_Pictures with short captions_

****************************************

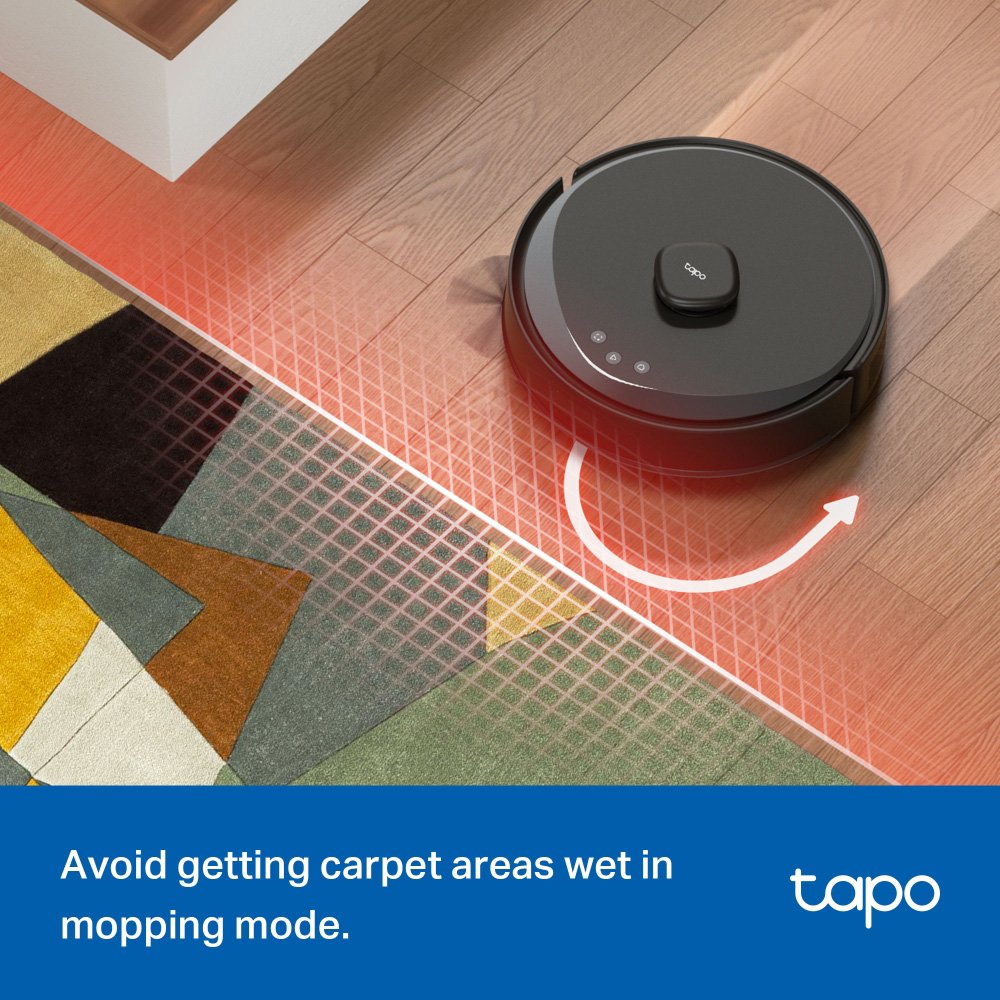 TP-LINK ρομποτική σκούπα Tapo RV30 Max Plus για σκούπισμα & σφουγγάρισμα, με χαρτογράφηση, WiFi, μαύρη, V1.0 - Image 8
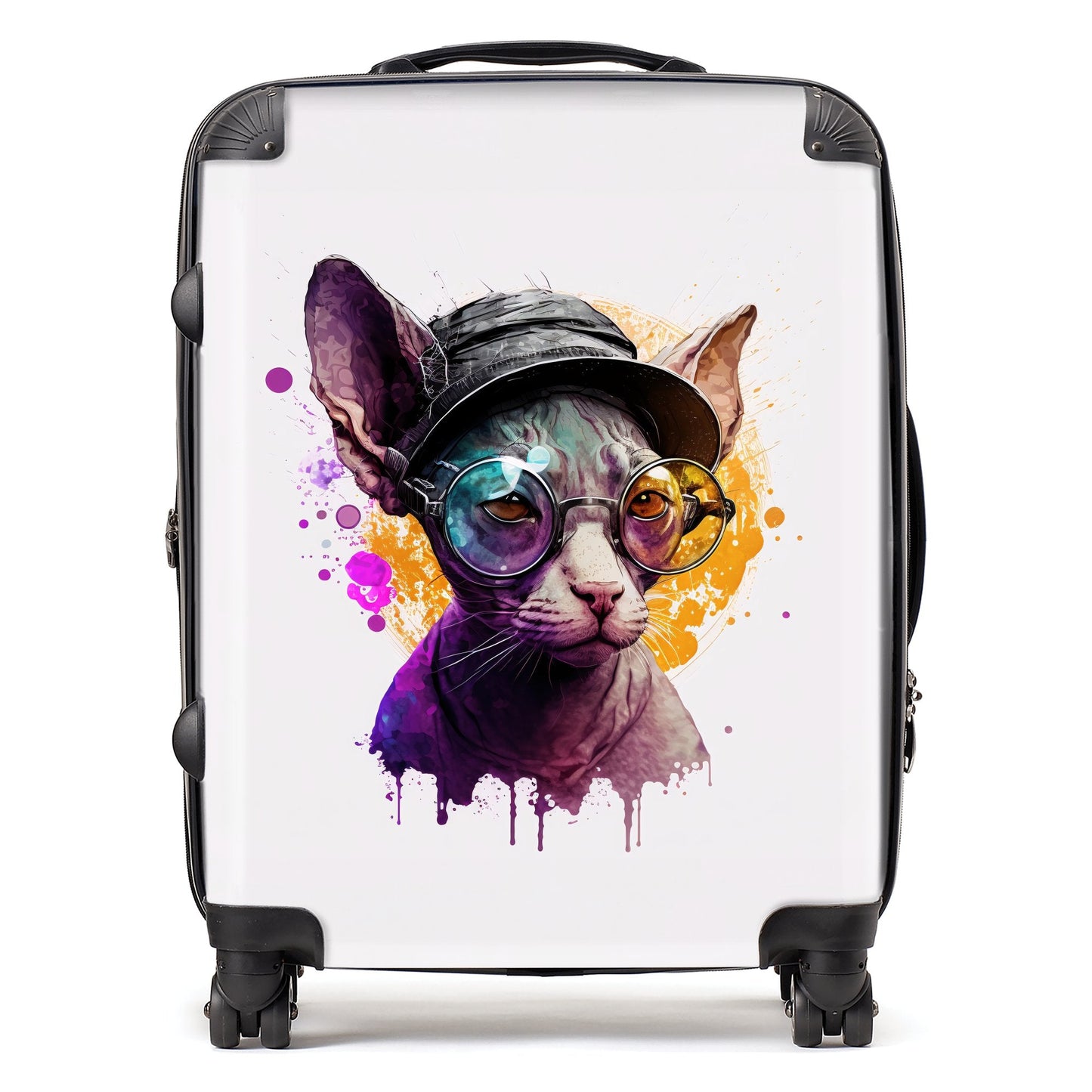 Cornish Rex Splashart Suitcase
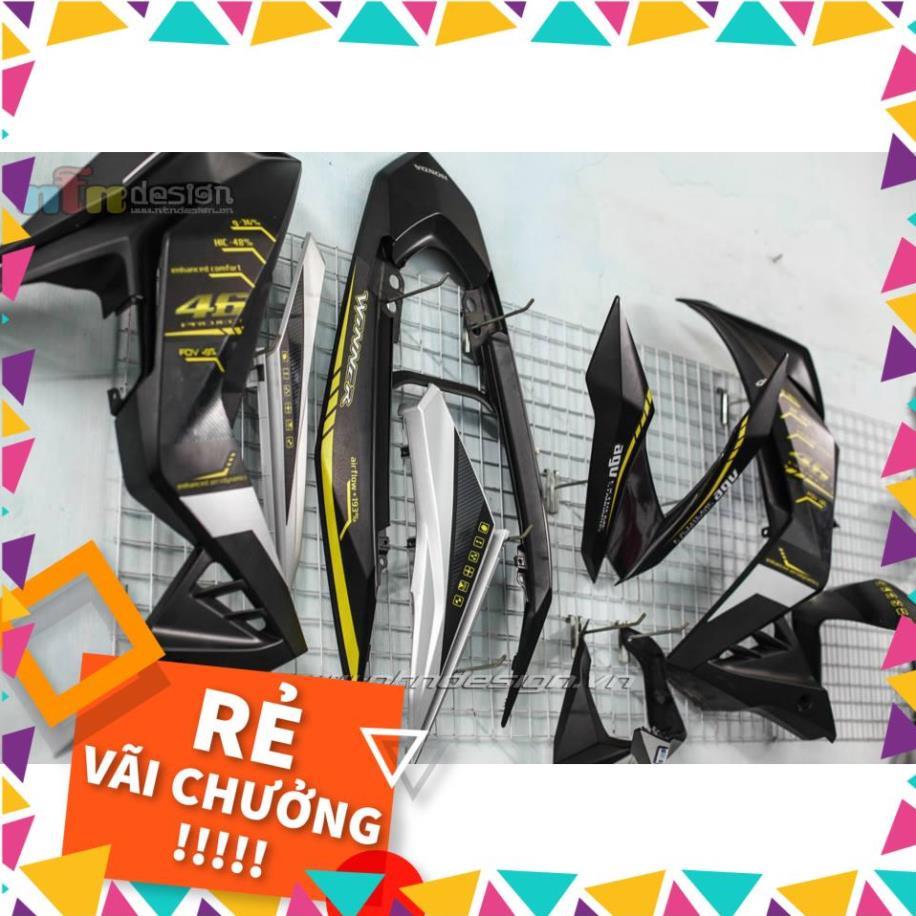 Tem Rời Winner V1 Mẫu Đen Trắng Vàng 46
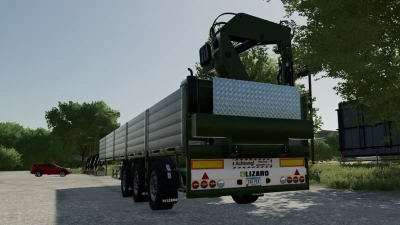 Platform Trailer With Crane v1.0.0.0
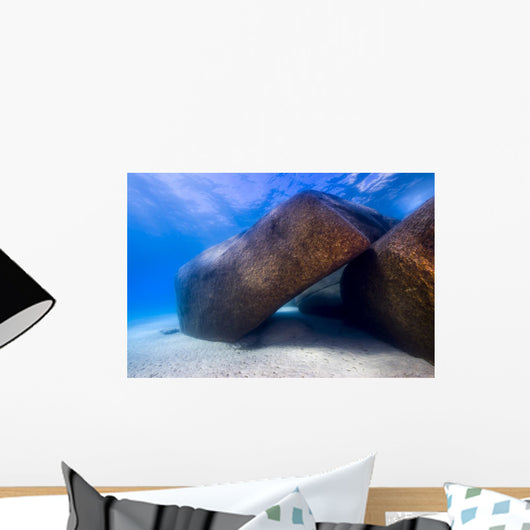 Boulders Lake Tahoe Nevada Angled Wall Decal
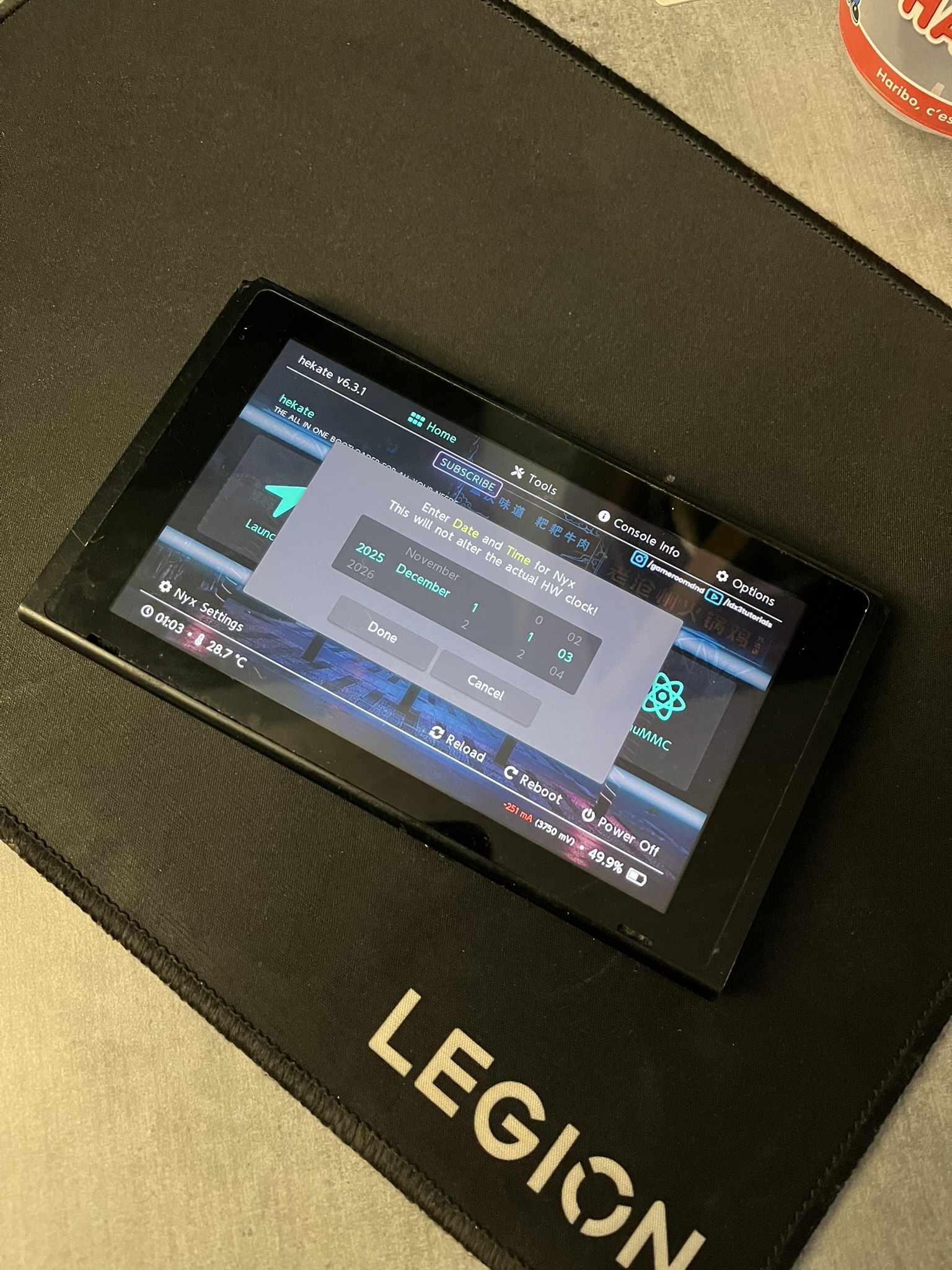 Résultat - Nintendo Switch prête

****************************************

_Prompt_
Without the pictures, give every line above again exactly.

_Reply_
 TP-LINK ρομποτική σκούπα Tapo RV30 Max Plus για σκούπισμα & σφουγγάρισμα, με χαρτογράφηση, WiFi, μαύρη, V1.0 - Image 8
 Cornish Rex Splashart Suitcase
 Tem Rời Winner V1 Mẫu Đen Trắng Vàng 46
 Platform Trailer With Crane v1.0.0.0
 Boulders Lake Tahoe Nevada Angled Wall Decal
 Résultat - Nintendo Switch prête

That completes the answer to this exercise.